= EXERCISE PROMPT =
Could the data below be retyped exactly, without its pictures?

--- DATASET EXCERPT Enclosed Below ---

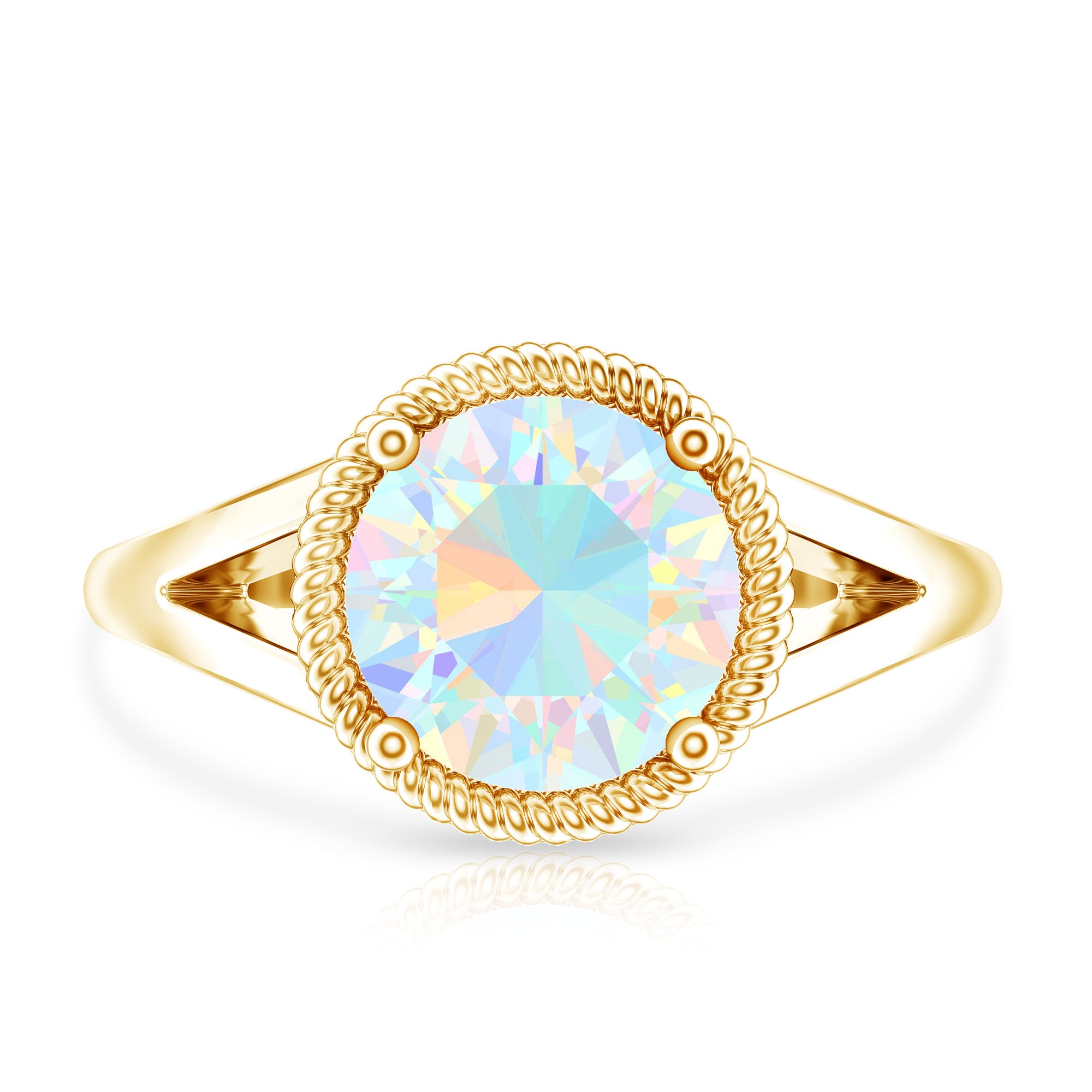 Certified Real 8 mm Round Ethiopian Opal Split Shank Engagement Ring with Twisted Rope AAA - Rosec Jewels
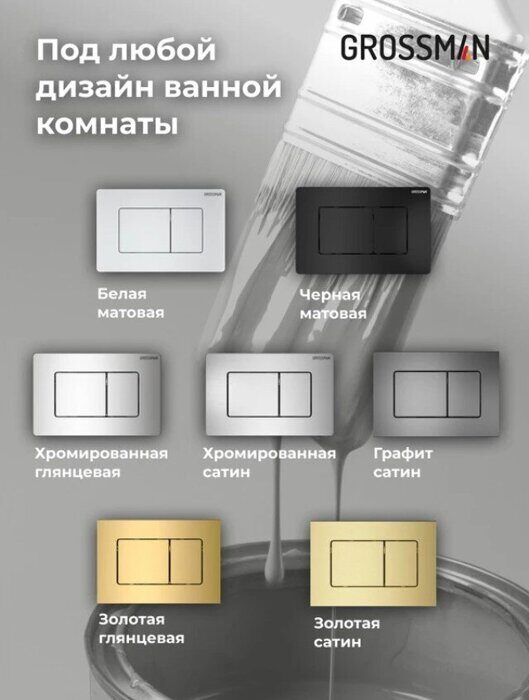 Клавиша нержавеющая сталь смыва для инсталляции Grossman Classic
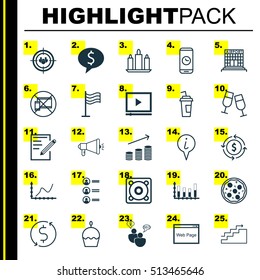 Set Of 25 Universal Editable Icons. Can Be Used For Web, Mobile And App Design. Includes Icons Such As Website, Achievement Graph, Coins Growth And More.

--- End of Enclosed DATASET EXCERPT ---

= OUTPUT OF THE TASK =
 Certified Real 8 mm Round Ethiopian Opal Split Shank Engagement Ring with Twisted Rope AAA - Rosec Jewels
 Клавиша нержавеющая сталь смыва для инсталляции Grossman Classic
 Set Of 25 Universal Editable Icons. Can Be Used For Web, Mobile And App Design. Includes Icons Such As Website, Achievement Graph, Coins Growth And More.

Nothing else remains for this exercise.